Ani Fanelli is partially based on Jessica Knoll, who wrote the screenplay and the eponymous source novel of the film. Knoll was gang-raped by three fellow schoolmates at the age of fifteen during a party while she was studying in a high school in Bryn Mawr, Pennsylvania, just like Ani was raped by her schoolmates while she was studying in Brentley School. Like Ani, Knoll was slut-shamed by her schoolmates, and a “trash slut” writing appeared on her locker as the film depicts. During such a period, only two boys came forward to comfort Knoll, who can be the inspiration behind Arthur and Ben.
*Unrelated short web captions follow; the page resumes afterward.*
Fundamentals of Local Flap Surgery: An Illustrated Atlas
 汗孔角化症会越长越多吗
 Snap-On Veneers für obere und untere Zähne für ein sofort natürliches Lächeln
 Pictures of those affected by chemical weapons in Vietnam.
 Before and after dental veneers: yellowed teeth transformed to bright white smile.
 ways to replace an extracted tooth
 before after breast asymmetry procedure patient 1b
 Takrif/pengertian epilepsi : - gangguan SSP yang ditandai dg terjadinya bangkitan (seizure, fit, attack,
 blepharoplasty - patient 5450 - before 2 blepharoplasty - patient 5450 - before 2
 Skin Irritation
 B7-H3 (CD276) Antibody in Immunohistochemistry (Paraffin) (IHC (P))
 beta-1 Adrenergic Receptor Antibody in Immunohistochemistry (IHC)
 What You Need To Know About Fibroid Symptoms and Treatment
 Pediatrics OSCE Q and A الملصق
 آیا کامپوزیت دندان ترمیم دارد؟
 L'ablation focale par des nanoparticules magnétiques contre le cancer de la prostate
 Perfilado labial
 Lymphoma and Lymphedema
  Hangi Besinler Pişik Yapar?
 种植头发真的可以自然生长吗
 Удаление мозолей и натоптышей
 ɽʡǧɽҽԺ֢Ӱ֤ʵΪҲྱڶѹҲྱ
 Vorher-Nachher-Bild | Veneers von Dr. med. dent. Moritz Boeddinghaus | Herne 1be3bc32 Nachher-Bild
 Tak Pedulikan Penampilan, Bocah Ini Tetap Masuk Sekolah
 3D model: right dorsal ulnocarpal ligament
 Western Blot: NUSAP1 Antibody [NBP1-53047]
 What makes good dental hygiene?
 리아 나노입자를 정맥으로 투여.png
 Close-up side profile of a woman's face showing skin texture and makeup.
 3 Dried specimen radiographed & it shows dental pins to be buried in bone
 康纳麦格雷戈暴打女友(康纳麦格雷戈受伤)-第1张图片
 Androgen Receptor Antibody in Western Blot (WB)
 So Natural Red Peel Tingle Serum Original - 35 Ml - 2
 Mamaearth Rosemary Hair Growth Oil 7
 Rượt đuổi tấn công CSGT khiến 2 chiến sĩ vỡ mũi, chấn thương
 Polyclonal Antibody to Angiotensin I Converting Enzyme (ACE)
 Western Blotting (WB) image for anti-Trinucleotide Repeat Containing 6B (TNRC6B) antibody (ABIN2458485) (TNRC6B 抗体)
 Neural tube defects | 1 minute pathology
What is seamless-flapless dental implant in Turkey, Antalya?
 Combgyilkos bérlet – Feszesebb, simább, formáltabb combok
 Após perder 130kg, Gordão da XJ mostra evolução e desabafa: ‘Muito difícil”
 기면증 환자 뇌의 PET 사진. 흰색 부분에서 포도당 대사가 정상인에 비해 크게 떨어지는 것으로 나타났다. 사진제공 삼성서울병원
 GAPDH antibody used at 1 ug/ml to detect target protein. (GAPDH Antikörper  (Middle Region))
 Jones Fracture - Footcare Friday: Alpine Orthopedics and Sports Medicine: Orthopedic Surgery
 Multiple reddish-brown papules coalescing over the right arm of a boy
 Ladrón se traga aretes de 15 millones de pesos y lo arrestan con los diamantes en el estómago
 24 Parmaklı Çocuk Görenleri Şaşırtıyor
Nobody around Knoll acknowledged her suffering. “No one called it rape. I called it rape, once. In a drunken confrontation with A Boy [one of the three boys who raped her]. The next day, terrified the herd might come after me even hungrier, I called A Boy and apologized,” Knoll wrote in an essay titled ‘What I Know,’ published in Lena Dunham’s Lenny Letter, through which the author came out as a rape survivor to the world. “I apologized to my rapist for calling him a rapist. What a thing to live with,” she added. After the incident, Knoll tried to “reinvent” herself with “the right wardrobe, a glamorous job, and a ring on my finger before the age of 28,” as per the essay, just like Ani does in the film.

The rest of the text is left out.